The surviving granddaughters of Alphonse “Al” Capone, one of the country’s most notorious gangsters, are auctioning off a slew of the mob boss’ treasures that include his “favorite” gun and letters to his son he wrote from prison.
Sacramento, California-based auctioneer Witherell’s said it has authenticated the items included in the collection and will run the live auction on Oct. 8.
Among the more eye-popping items listed in the collection is the ruthless racketeer’s “favorite” gun, a Colt .45 pistol that’s been passed down through the generations of Capone’s descendants and will start bidding at $50,000.
The collection, called “A Century of Notoriety: The Estate of Al Capone,” also includes a platinum Patek Philippe pocket watch monogrammed with 90 single cut diamonds starting at $12,500 and a matching pocket knife monogrammed with 20 single cut diamonds starting at $1,250.
The collection also includes furniture and home trinkets that belonged to Capone and his wife, Mae, as well as family photographs, home movies and some of Capone’s only son Sonny’s belongings.
In total, the collection is expected to sell for $700,000, though prices could always run much higher at the auction.
In 2017, one of Capone’s diamond watches sold for more than $84,000, over three times its pre-auction estimate.

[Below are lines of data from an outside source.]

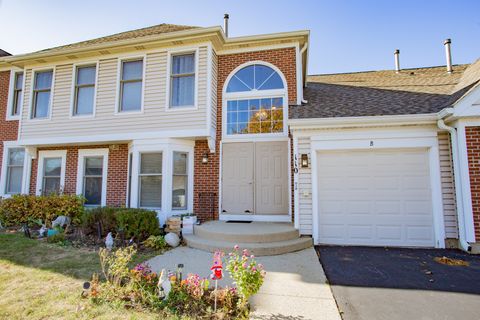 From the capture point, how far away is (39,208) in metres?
7.82

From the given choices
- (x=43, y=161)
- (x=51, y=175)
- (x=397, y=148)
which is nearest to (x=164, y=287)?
(x=397, y=148)

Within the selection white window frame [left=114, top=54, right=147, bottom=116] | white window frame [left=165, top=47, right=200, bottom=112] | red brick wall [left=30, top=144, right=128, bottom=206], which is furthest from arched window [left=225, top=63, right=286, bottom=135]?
red brick wall [left=30, top=144, right=128, bottom=206]

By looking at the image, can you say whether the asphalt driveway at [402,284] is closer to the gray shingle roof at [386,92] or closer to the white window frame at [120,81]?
the gray shingle roof at [386,92]

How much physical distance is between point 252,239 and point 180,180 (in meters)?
3.25

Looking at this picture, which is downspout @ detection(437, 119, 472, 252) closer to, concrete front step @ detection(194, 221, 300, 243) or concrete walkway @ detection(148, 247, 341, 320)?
concrete walkway @ detection(148, 247, 341, 320)

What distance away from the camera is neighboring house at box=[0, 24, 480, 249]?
603 centimetres

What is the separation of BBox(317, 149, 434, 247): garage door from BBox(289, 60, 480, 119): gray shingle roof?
1146mm

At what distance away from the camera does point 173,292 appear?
3.34 m

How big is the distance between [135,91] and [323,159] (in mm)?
6223

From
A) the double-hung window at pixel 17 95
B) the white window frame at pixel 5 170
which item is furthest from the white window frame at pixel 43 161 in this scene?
the double-hung window at pixel 17 95

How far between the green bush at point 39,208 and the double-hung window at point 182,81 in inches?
173

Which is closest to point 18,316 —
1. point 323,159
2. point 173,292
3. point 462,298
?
point 173,292

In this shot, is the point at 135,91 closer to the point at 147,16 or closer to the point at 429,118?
the point at 147,16

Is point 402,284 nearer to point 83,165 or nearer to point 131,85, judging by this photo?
point 131,85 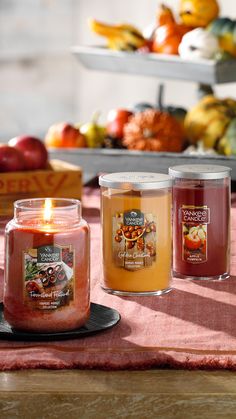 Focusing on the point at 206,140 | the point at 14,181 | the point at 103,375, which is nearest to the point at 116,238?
the point at 103,375

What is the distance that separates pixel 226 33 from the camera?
7.65 feet

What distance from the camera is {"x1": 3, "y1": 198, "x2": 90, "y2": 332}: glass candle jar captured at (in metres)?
1.05

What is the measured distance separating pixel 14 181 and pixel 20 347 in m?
1.03

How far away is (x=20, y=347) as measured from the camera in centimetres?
103

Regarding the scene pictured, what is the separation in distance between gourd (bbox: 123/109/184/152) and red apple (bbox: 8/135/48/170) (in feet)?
1.06

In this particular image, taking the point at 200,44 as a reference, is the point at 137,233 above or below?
below

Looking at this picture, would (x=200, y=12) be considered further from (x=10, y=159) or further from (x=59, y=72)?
(x=59, y=72)

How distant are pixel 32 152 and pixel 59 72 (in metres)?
3.15

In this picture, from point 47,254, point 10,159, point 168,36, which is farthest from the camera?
point 168,36

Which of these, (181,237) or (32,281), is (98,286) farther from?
(32,281)

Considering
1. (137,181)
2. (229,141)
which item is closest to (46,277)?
(137,181)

Diane Patricia Capone, Sonny Capone’s daughter, said the family treasures show a side of Al Capone that the public isn’t familiar with.
She will headline an auction preview event on Oct. 7 and sign copies of her book, “Al Capone: Stories My Grandmother Told Me.”
“What people don’t know is his personal story as a father and grandfather and his painful path of redemption while at Alcatraz,” she said in a statement. “That is the unknown Capone I talk about in my book and it’s the story that comes to life with these family treasures.”
The legendary Brooklyn-born mobster, who was often called “Scarface,” ruled gangland Chicago during the Prohibition era and is best known for his 1929 “Valentine’s Day Massacre” of seven members of rival bootlegger Bugs Moran’s gang.
The feds finally caught up with him in 1931, when he was charged with income tax evasion. He was eventually convicted and sentenced to 11 years in prison, much of which he spent at Alcatraz.
Capone was finally released a few years early in 1938 and returned to his Miami Beach mansion. Riddled with syphilis, he suffered a stroke and died in 1947 at age 48.